UN GRAPHISME À AMÉLIORER
Pour assurer des délais courts et rendre la lecture aisée à tout public, le graphisme est souvent standardisé. « Sobre », « clair », « lisible », « épuré » sont les mots-clés de l’esthétique cartographique dans ce milieu, qui s’accorde peu de « folies ». Les cartes auront un aspect technique et pédagogique pouvant s’adresser à des personnes n’ayant pas les bases de lecture de la cartographie. Le choix du logiciel est lié à cette double contrainte de vitesse d’exécution et de lecture. Le travail est toujours fait dans un système d’information géographique (SIG), de façon à pouvoir mettre à jour et adapter en permanence les cartes. En revanche, un autre type de carte peut être produit pour les décideurs, aux sièges des grandes organisations, pour la communication.
Malgré ces exigences, certaines améliorations seraient bénéfiques : la projection cartographique est parfois mal adaptée au terrain ; les logiciels montrent tous les toponymes d’une région alors que beaucoup d’entre eux surchargent inutilement les cartes ; les couleurs ne sont pas toujours hiérarchisées quand elles mériteraient de l’être ; la multiplication de cartouches et de textes en majuscule, réservés aux informations « importantes », crée de la confusion… Ainsi, la carte 1 montre les distances routières depuis Bikoro, en République démocratique du Congo (RDC), mais il n’est pas simple de repérer cette ville au premier coup d’oeil. Concernant les ressources en ligne, le travail des agences onusiennes reste incontournable : pour des cartes finies, des rapports ou des informations déjà traitées, la plate-forme
Reliefweb recense de nombreux matériaux, parfois difficiles à obtenir auprès des autorités, comme l’insécurité alimentaire en Haïti (cf. carte 2). Pour de la donnée brute à travailler en cartographie, Humanitarian Data Exchange et UNOSAT (images satellitaires) fournissent des éléments précieux.
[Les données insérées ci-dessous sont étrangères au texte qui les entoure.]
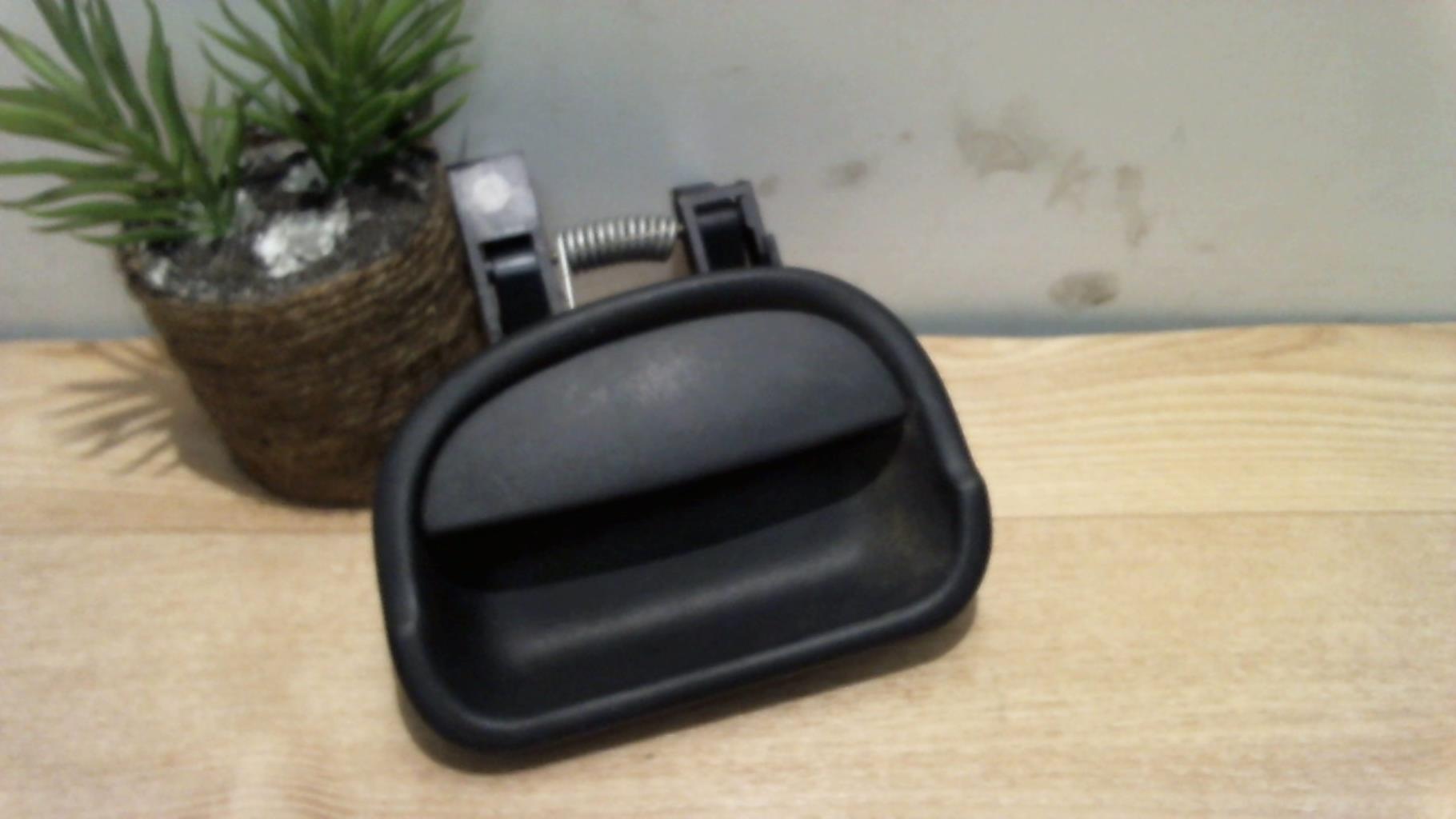 Poignee porte laterale droit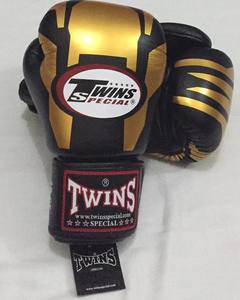 Gants MMA antidérapants en cuir PU imperméables à la main pour hommes et femmes Kickboxing dernière édition avec impression de logo personnalisé - Product Image 1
Mais la « galaxie ONU » n’est pas la seule à évoluer dans cet écosystème puisque des ONG spécialisées dans la cartographie sont apparues, comme la britannique Mapaction, l’américaine IMMAP, la suisse REACH ou la française CARTONG. Dès 2010, la dimension libre et participative d’openstreetmap en a fait un acteur privilégié de la cartographie humanitaire. Ainsi, la Humanitarian Openstreetmap Team coordonne des interventions d’urgence de cartographes autour du monde en cas de conflits, de catastrophes naturelles ou sanitaires. Sur certains projets, notamment durant l’épidémie d’ebola, le travail réalisé par les bénévoles a été massif et rapide sur des territoires peu connus, comme les villages reculés de Guinée. Cette ONG joue sur une puissante communication pour mettre en lumière « le milliard de personnes qui n’apparaissent pas sur une carte », et chacun peut apporter sa contribution.